For this newly revised and enhanced Date Rape Prevention site, my student workers and some of the website’s readers have contributed their own “scripts” based on their dating experiences.  Please refer to Female Testimonies for examples of direct language used to avoid sexual aggression by males.  Another two sections were recently developed and I encourage you to review them.  They are entitled Student Based Scripts and Advice (“Red Flags”) and Advice on Self- Assertiveness.  These additions were constructed from the results of six student focus groups which provided their perspectives on how to avoid sexual assault on a date.  Based on the research findings and one of my student worker’s reflections, I determined a subject area was needed to discuss how to become more self-assertive when a female encounters an overly aggressive male date.

 

  Defense Strategies

        "What if I wait until the last moment?"

  • A student worker and several colleagues have suggested that I explain a possible course of action for a girl or woman who waits until the last minute to tell her date that she does not want to have sex.
  • This is not an ideal scenario, because the female would be using a defensive strategy instead of a preventative one.
  • Most likely, the boy or man would interpret the situation as though he had been ‘led on,’ which causes anger and resentment. 
  • An informant from my research study made a comparison between the sexual frenzy experienced by men such as himself and any attempt to stop his initiative as being like a train wreck (i.e., “…it’d be a train wreck.”) Interviewee 8 explained,

And your emotions and your feelings and your everything’s runnin’ to go to there.  And when it stops it’s just like hittin’ a wall.  All your emotions have piled up and you’re like–you’re angry, you’re confused, you’re upset, you’re wantin’ ta hurt somethin’ or, you know, ‘cause they didn’t–you didn’t get to finish what you was doin’.
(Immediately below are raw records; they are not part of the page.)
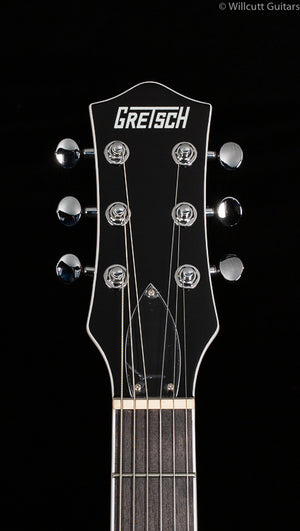 Gretsch G5220 Electromatic Jet BT Single-Cut Black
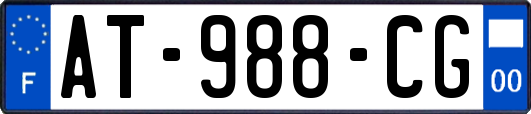 AT-988-CG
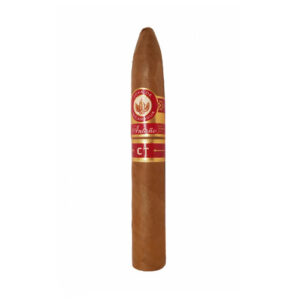 Joya de Nicaragua Antaño CT Belicoso
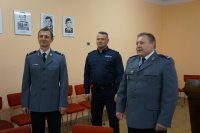 dzień kobiet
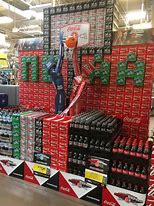 Image result for March Madness Displays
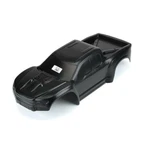 Pro-line Pre-cut 2017 Ford F-150 Raptor (black) Box X-max PRO3482-18 New. Price: $74.99.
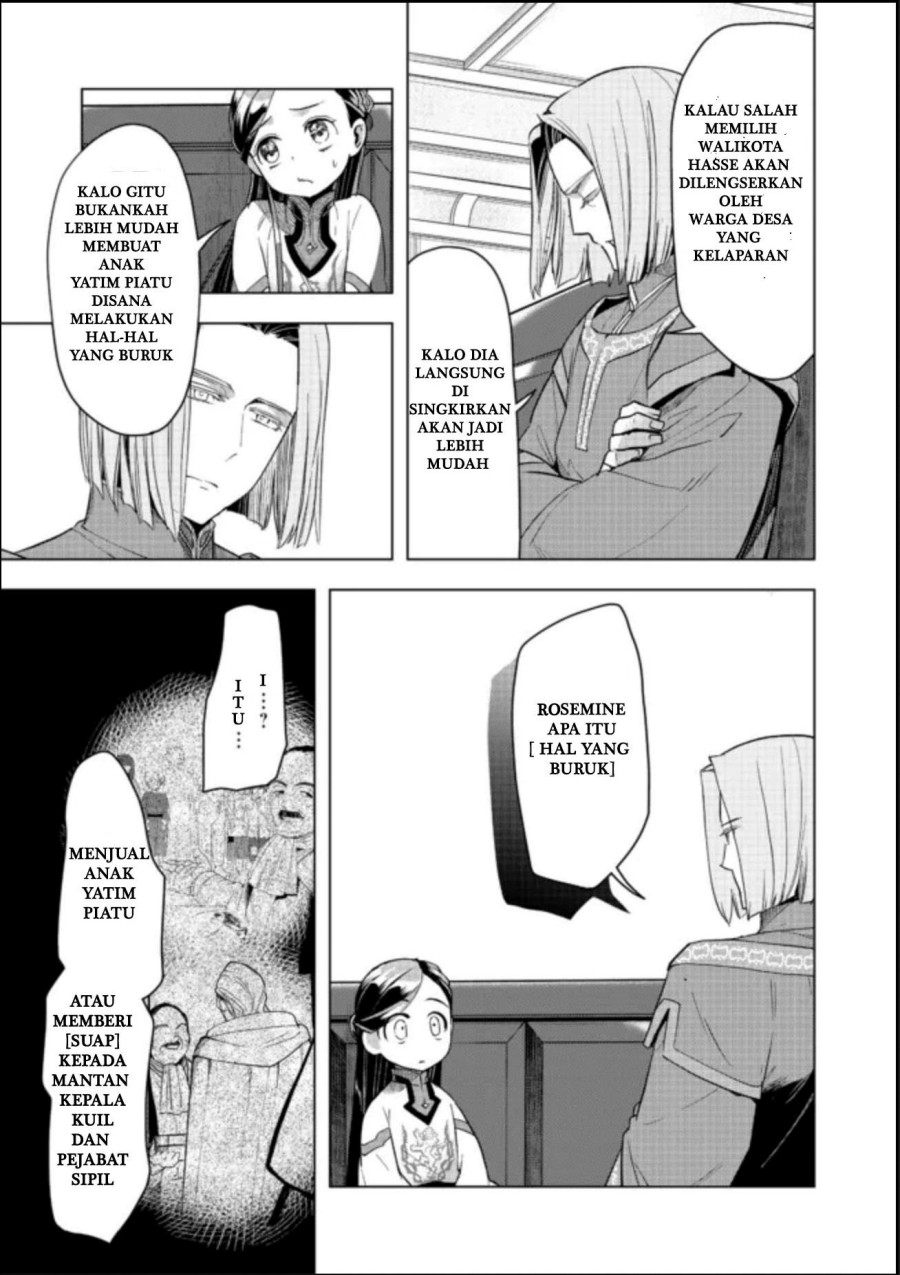 Chapter 27 - halaman 4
  • In my focus group discussions with male date rape research participants, I asked them the following question: How would you have responded if the female victim in the date you described to me had used a more aggressive, direct verbal rejection as well as an action?  For instance, what if she had stated: “You’d better stop trying to have sex with me or I am going to call the police and have you arrested,” while she got up and quickly walked to the door or left?  What would your reaction have been?
    • The focus group members sat silent for several moments, visibly stunned by this approach to rejecting sexual advances.
  • The various men resented this hypothetical refusal from the female victim.  All the interviewees expressed a strong desire to stop trying to have sex with their victims.
  • The men anticipated receiving sex (they had “positive” expectations) from the women who had “gone too far."  This means that the men believed that there was no turning back at this point.  
  • This was offset by the “negative” expectation of consequences, namely an encounter with the legal system (i.e., police, court system, penal institution, and the like). 
  • Obviously, a direct verbal rejection at this advanced stage by potential female victims of the male perpetrators’ sexual initiative includes many undesired possible results.  Specifically, the potential date rapist could become physically abusive when threatened by the woman.